:: Material shown ::
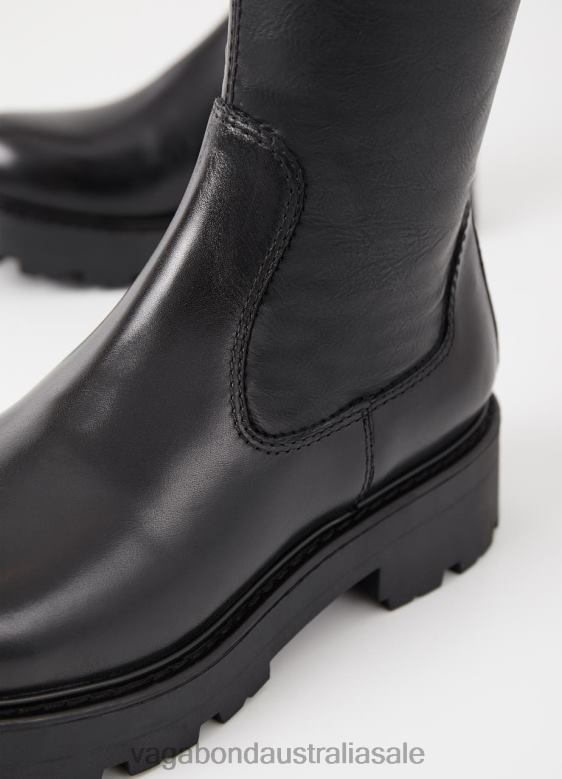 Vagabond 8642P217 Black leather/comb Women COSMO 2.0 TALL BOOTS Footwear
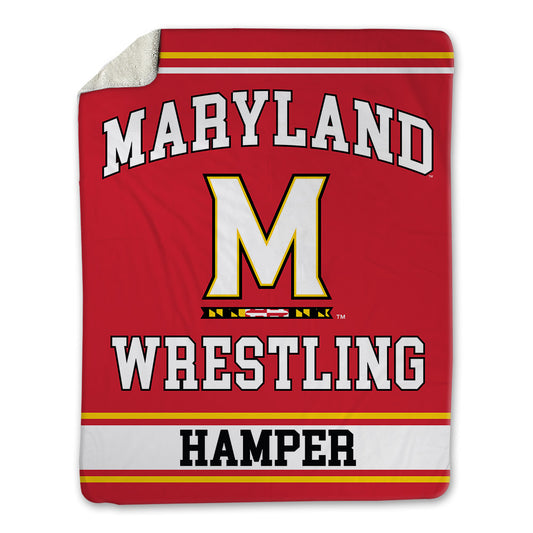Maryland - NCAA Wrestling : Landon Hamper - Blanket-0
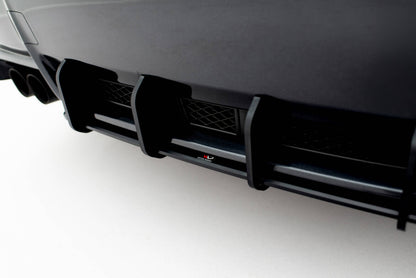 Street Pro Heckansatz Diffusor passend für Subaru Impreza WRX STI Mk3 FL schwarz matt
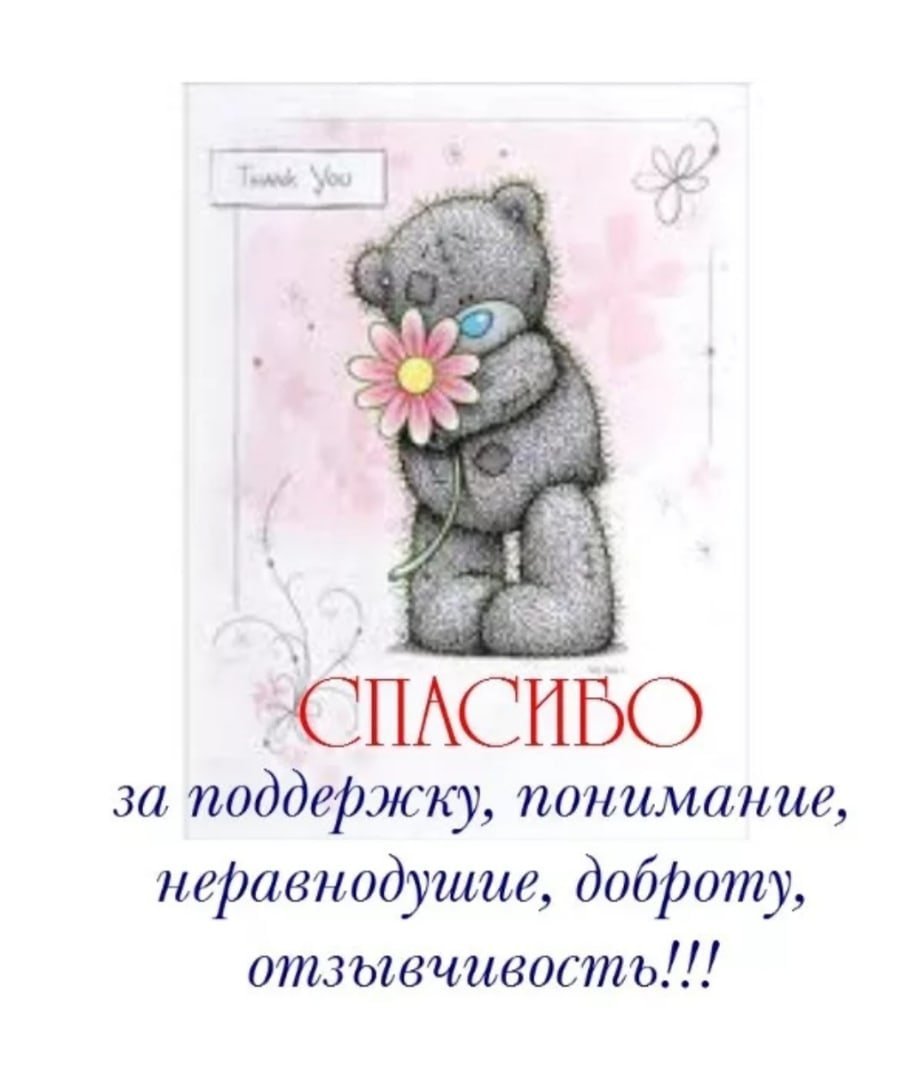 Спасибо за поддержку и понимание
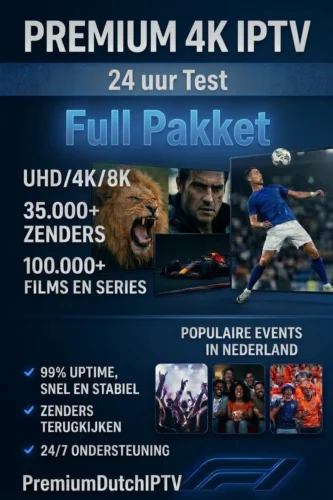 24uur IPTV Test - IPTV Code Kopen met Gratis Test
:::
:: Material shown ::
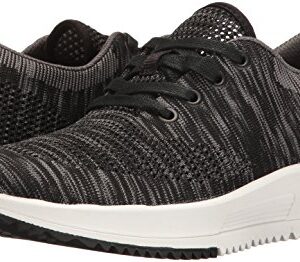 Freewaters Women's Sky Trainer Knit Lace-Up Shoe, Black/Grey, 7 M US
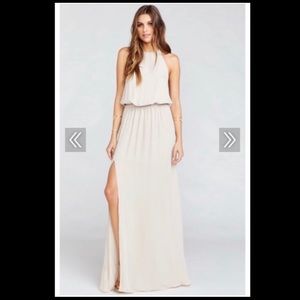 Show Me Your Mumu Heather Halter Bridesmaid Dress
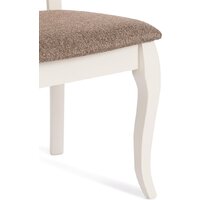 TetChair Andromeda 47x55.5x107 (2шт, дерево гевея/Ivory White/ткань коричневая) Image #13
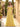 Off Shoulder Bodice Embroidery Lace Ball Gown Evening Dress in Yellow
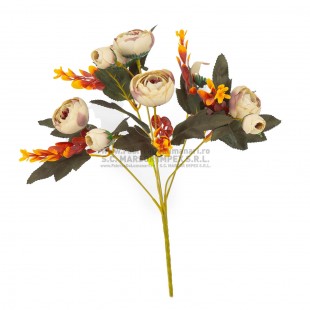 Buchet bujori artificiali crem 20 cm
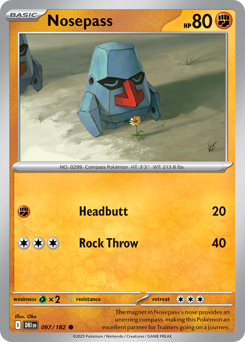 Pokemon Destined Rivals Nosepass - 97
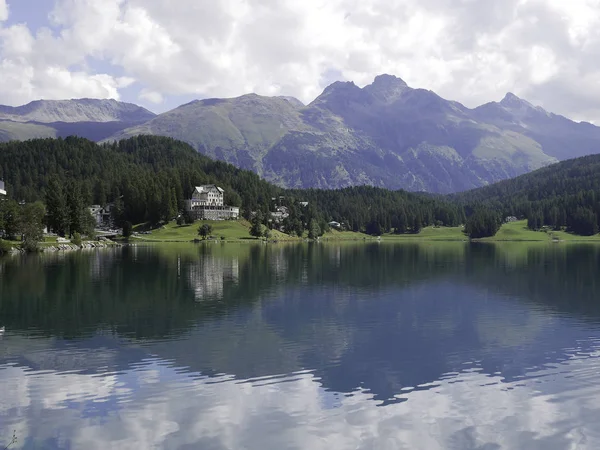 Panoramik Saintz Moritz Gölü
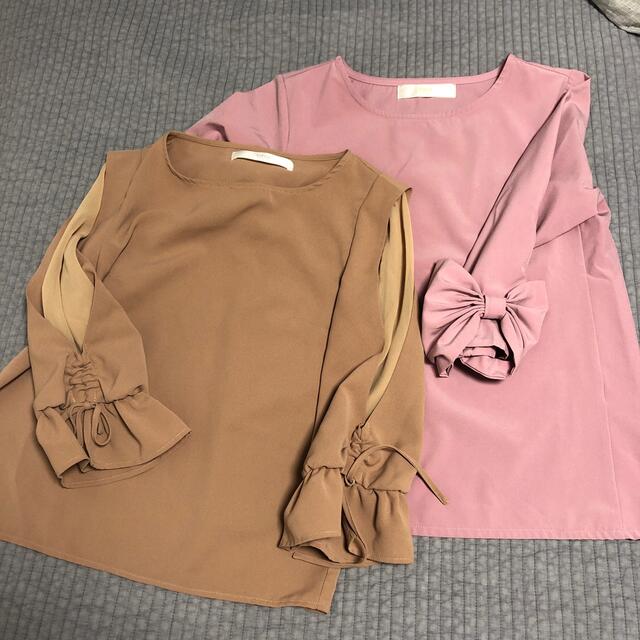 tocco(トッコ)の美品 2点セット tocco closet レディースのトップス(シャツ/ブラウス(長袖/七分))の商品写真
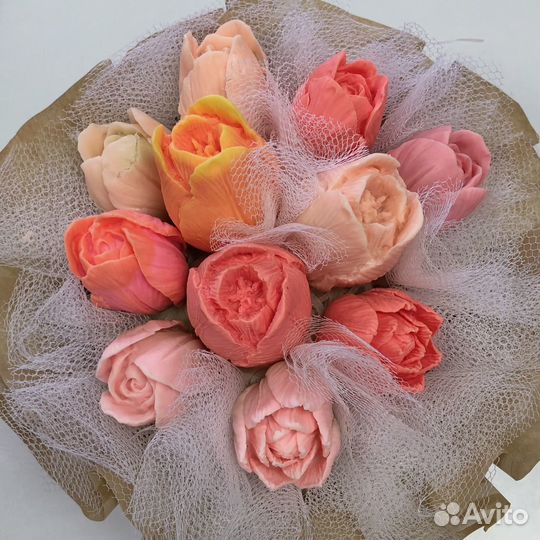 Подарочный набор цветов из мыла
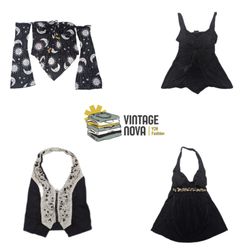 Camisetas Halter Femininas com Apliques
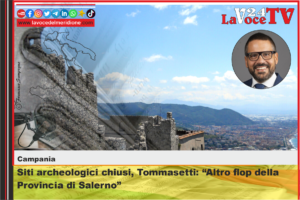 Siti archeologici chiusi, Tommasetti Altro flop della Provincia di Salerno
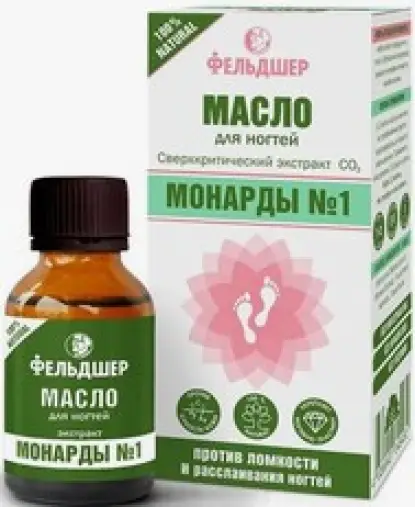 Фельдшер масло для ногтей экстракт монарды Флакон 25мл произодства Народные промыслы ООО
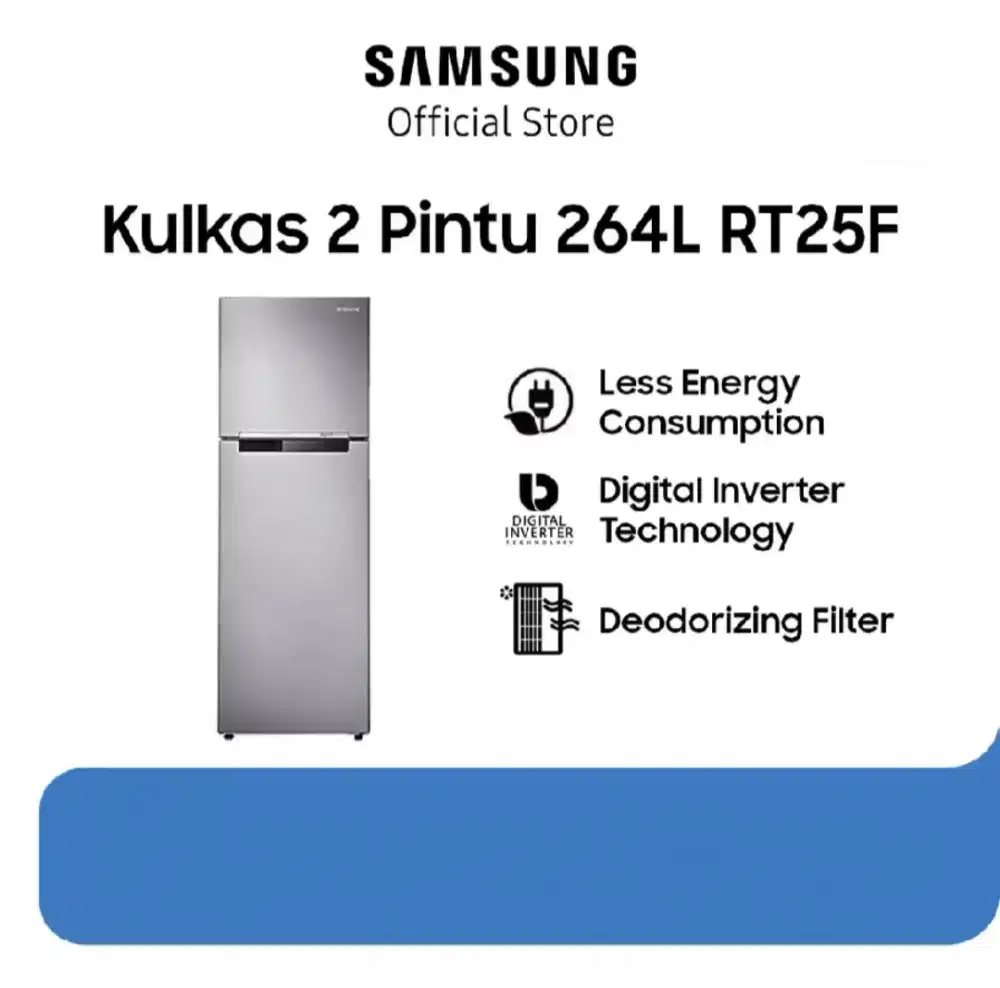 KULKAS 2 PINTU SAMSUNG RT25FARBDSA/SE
:::
* Instructions to follow *
Start with the line above containing "Pokemon Destined Rivals Nosepass - 97" and end with the line containing "Siti archeologici chiusi, Tommasetti". Set down that stretch exactly, without any pictures.

* Result for this task *
 Pokemon Destined Rivals Nosepass - 97
 Panoramik Saintz Moritz Gölü
 tocco(トッコ)の美品 2点セット tocco closet レディースのトップス(シャツ/ブラウス(長袖/七分))の商品写真
 Подарочный набор цветов из мыла
 Camisetas Halter Femininas com Apliques
 Siti archeologici chiusi, Tommasetti Altro flop della Provincia di Salerno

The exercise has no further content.